Executing the above .bat file creates:

File output.txt

Please enter a number and type <Enter>:
Please enter a number and type <Enter>:
10 + 20 = 30

On a Unix/Linux system we could do the same with a shell script (not shown here).

Command Line Arguments

Command line arguments can be retrieved with the expression process.arguments(). Here is an example to illustrate this:

function start
    display_arguments()                                                      (1)
.

function display_arguments

    const arguments = process.arguments()                                    (2)
    out.write_line ( [ "There are " list.size(arguments) " arguments." ] )

    out.write_lines ( arguments )                                            (3)

    // alternative using a loop
    repeat for each argument in arguments                                    (4)
        out.write_line ( argument )
    .
.

function start calls function display_arguments
command line arguments can be retrieved with process.arguments() (i.e. function arguments in service process)
function out.write_lines writes a separate line for each element of the input argument
we can also iterate over the arguments and write them out one by one

Executing this application with no command line arguments produces this output:

There are 0 arguments.

If we execute the application with the following .bat file located in the application’s root directory:

@echo off
cd run
java -jar OS_CL_arguments.jar arg1 "C:\Program Files\Test" "" 123

... then this will be the output:

There are 4 arguments.
arg1
C:\Program Files\Test

123
arg1
C:\Program Files\Test

123

Process Exit Code

The common way to exit a process in Unix and Windows is to return with an integer value that signals success or failure.

Returning zero means success.

Any other value represents an integer error code.
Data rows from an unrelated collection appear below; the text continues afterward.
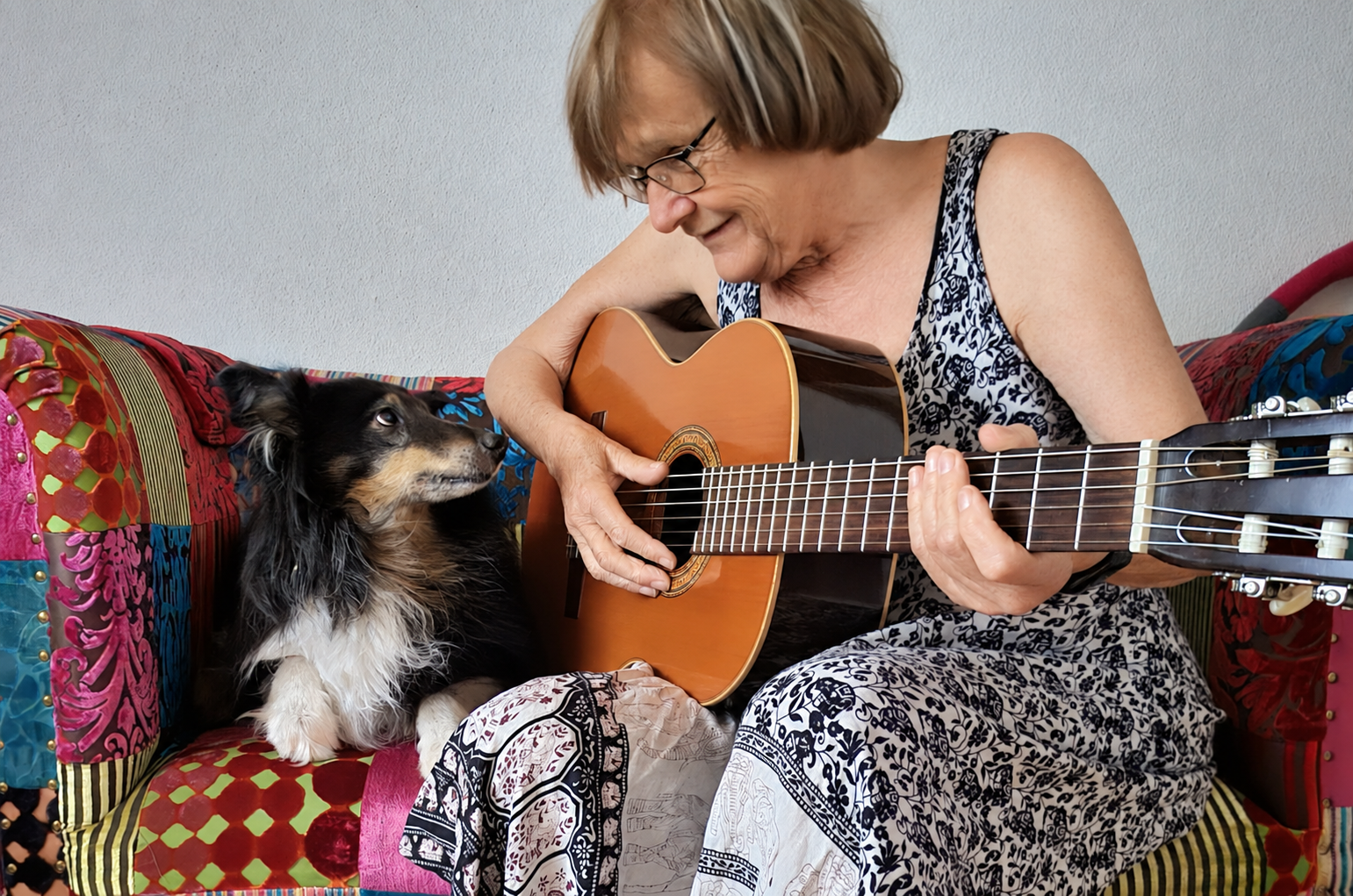 Iris Minder spielt Gitarre, neben ihr sitzt ihr Hund.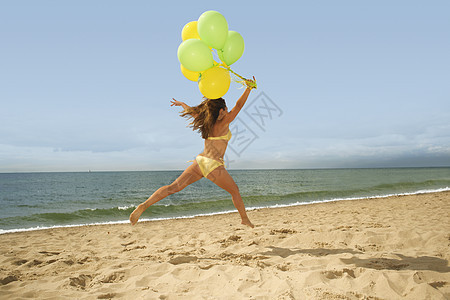 女人在海滩上拿着气球跳起来图片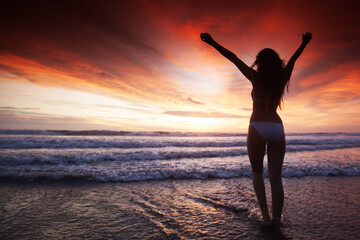 Woman in bikini by sea at sunset
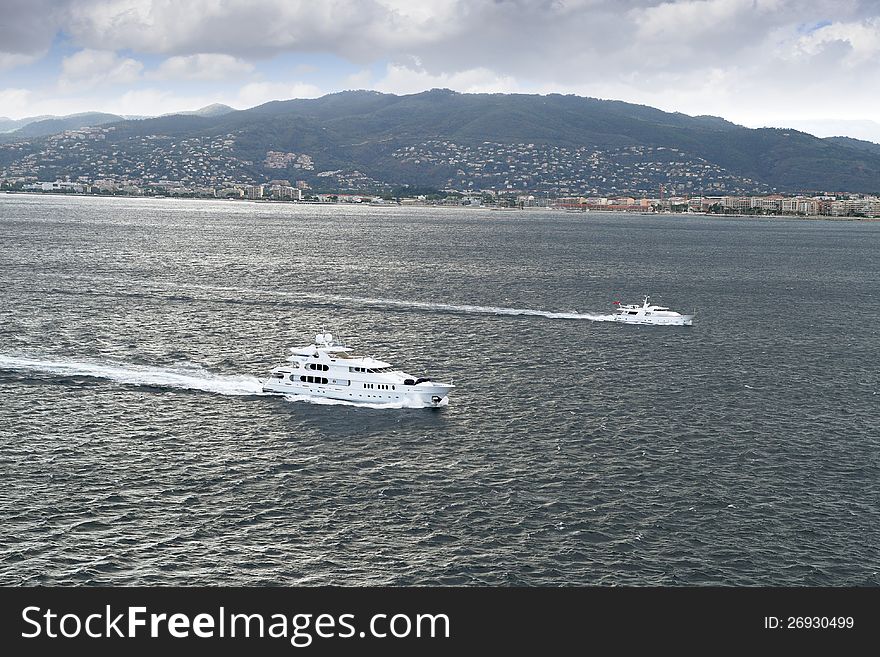 Group of luxury yachts sailing close to Cannes coast, France.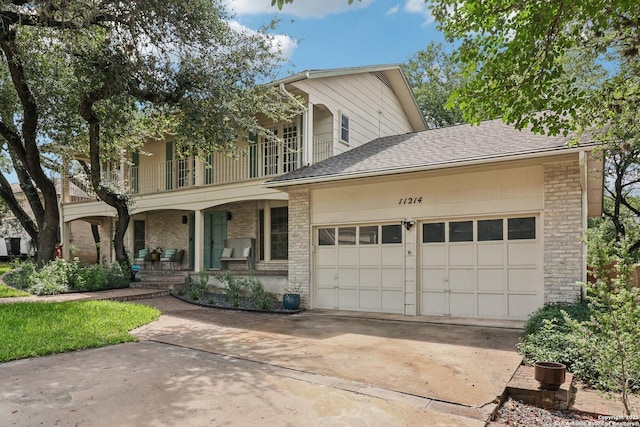 11214 Whisper Fls, San Antonio, TX 78230 - view of front of property with covered porch, a balcony, driveway, a garage, and brick siding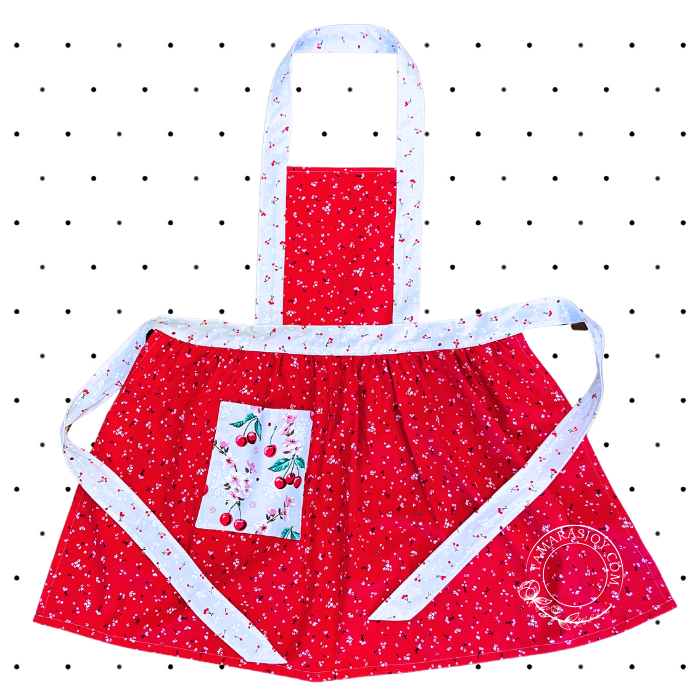 A red adult apron with a white polka dot pattern and a front pocket, featuring a neck and waist strap.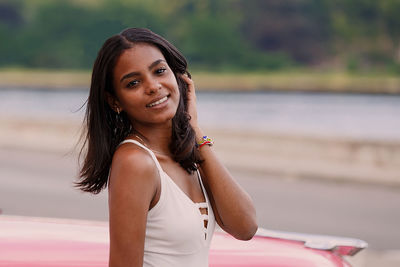 Portrait of smiling young woman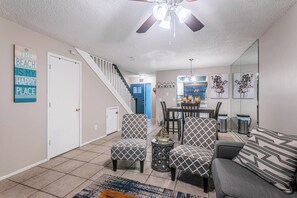 A living room with a staircase, a dining area, and a kitchen. - Near Tampa, St. Pete & Top Beaches + Pet-Friendly! (Largo)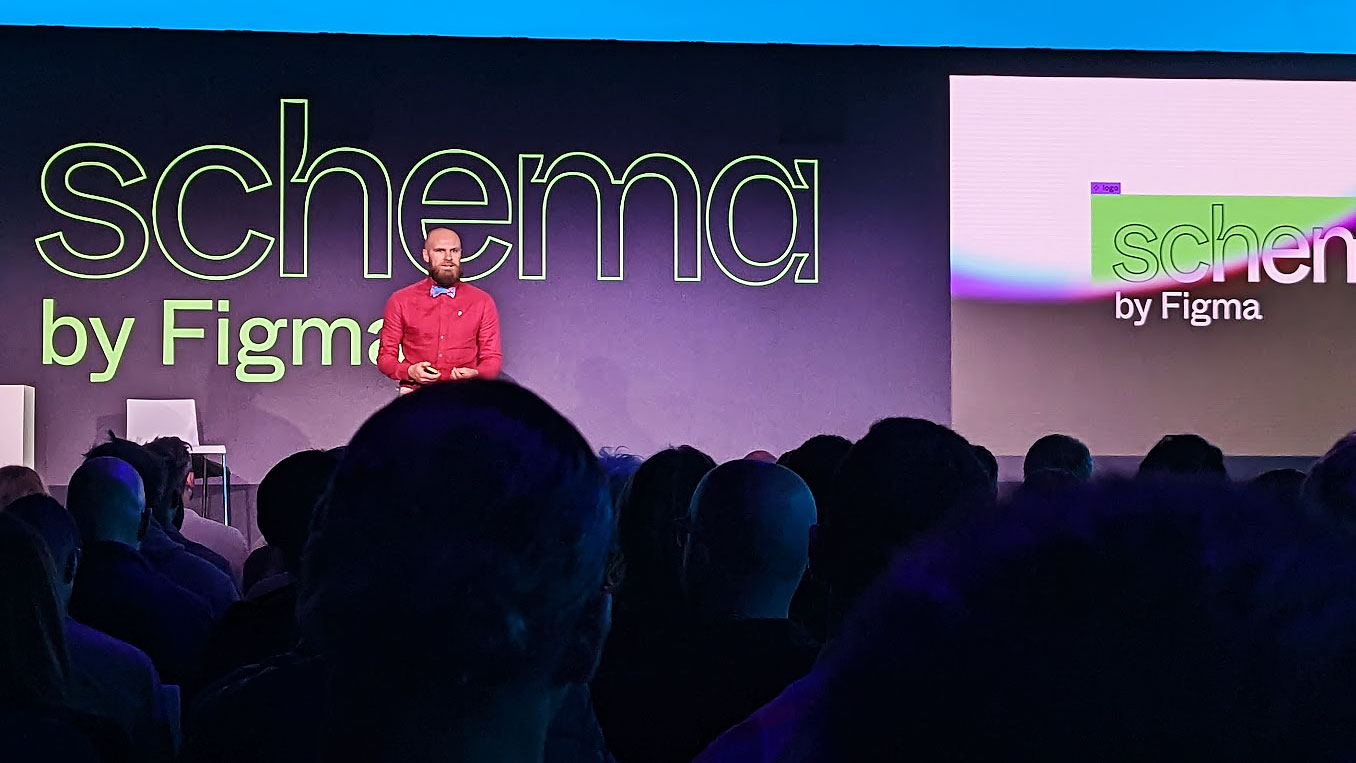 An audience seated in front of a stage with a speaker standing, and a slide reading "schema by Figma"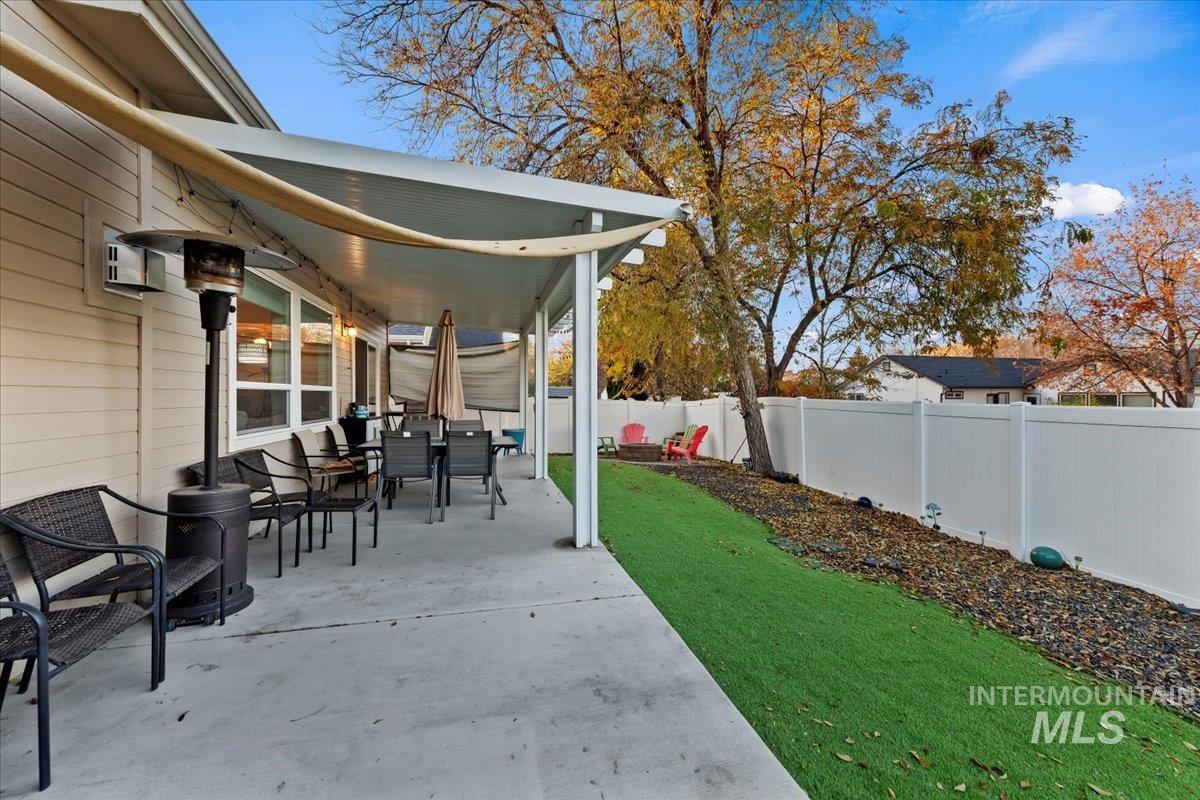 Fenced backyard featuring a patio area and outdoor dining space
Different values can be used to denote different kinds of errors.

Here is a function that asks a yes/no question to the user and then exits with success or failure, depending on the user’s answer:

function start

    const ok = GUI_dialogs.ask_yes_no ( "Is everything ok?" )

    if ok then
        process.exit_with_success()
    else
        process.exit_with_error ( 2 )
    .
.

The exit code can be tested from the code that calls the Simplix application. Here is an example of a Windows .bat file (located in the application root directory) that calls the above function and then checks the exit code:

@echo off

cd run

java -jar OS_exit_code.jar
set EXIT_CODE=%ERRORLEVEL%
if %EXIT_CODE% EQU 0 goto success
if %EXIT_CODE% NEQ 0 goto failure

:success
echo Success
goto end

:failure
echo Failure code %EXIT_CODE%
goto end

:end

Executing the above OS script displays a GUI dialog:

If the user clicks 'Yes' then the application returns with exit code 0, and the OS script echoes:

Success

If the user clicks 'No', then the error code 2 is returned to the OS and the OS script echoes:

Failure code 2

Calling External Programs

We can call external programs in two ways:

just start the program and immediately continue execution
run the program, wait until execution is finished, and retrieve its exit code

Here is an example of opening an OS text editor (Windows Notepad in this case) to edit a file:

function start

    OS_command.start_and_continue ( [
        "notepad.exe"
        "C:/tests/Simplix/config.txt" ] )
.

To write the list of files in the current working directory to the standard output device we can use Windows' dir command:

OS_command.run_and_wait ( [ "cmd" "/c" "dir" ] )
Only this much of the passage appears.